Thirdly no fraud or material irregularity “in the conduct of the sale” has been alleged, and none
proved; even the allegation by the plaintiff that she filed an interpleader summons, but the sheriff at
Koforidua failed to

[p.113] of [1960] GLR 110

request the deputy sheriff at Kibi to suspend the sale, was not proved; and even if it had, it is not an
irregularity “in the conduct of the sale,” and will not entitle the plaintiff to an order to annul the sale.
Therefore the first relief the plaintiff prayed for is misconceived and cannot be granted.
The claims for title to, for recovery of possession of and damages for trespass to the farms can be
dealt with together. (His lordship reviewed the evidence and continued): I am further satisfied that the
two farms in dispute are farms made by the first defendant (Kwasi Poku) by cultivating the virgin
forest, and they are farms which could properly be sold in execution of a decree issued against the
said Kwasi Poku by a court of competent jurisdiction.
In every respect the plaintiff has failed to satisfy the court that she is entitled to any of the reliefs she
claims.
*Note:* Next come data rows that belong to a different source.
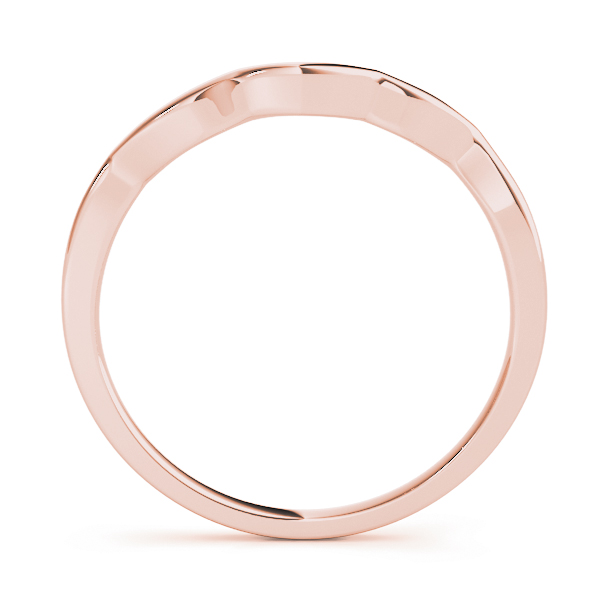  Gold Wedding Band  Unknown Friendly Weight 10K yellow, white or rose gold - view 6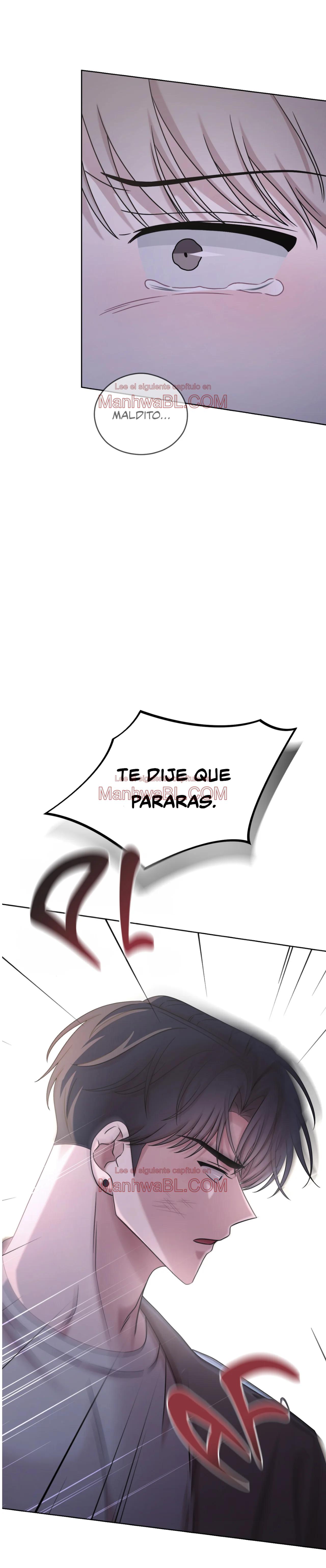 Mi amor sin remedio - Capítulo 33 3 manhwa
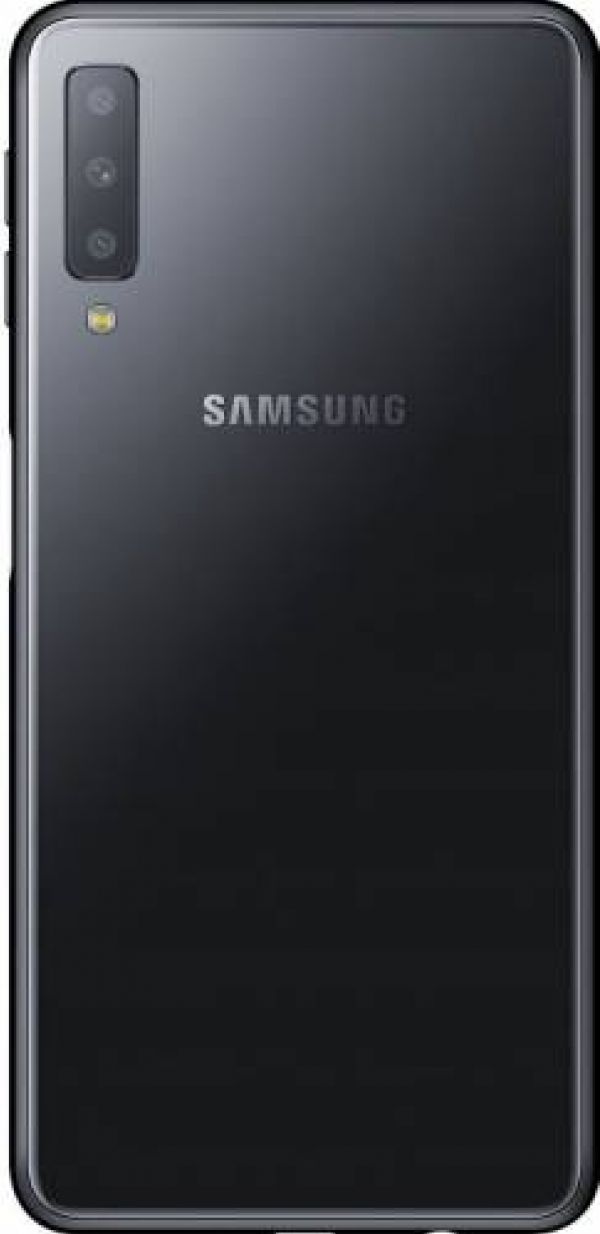  Telefon mobil Samsung Galaxy A7 2018 A750 64GB Dual SIM 4G Black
It is clear to me that she instituted this action in an attempt to save for the first defendant her
father, these farms, which I believe, and as stated by the first defendant are the first defendant’s only
source of livelihood.
The plaintiff’s claim is dismissed and judgment entered for the second, fourth and fifth defendants
with costs which, in mercy to the plaintiff, I fix at a token figure of 5 guineas.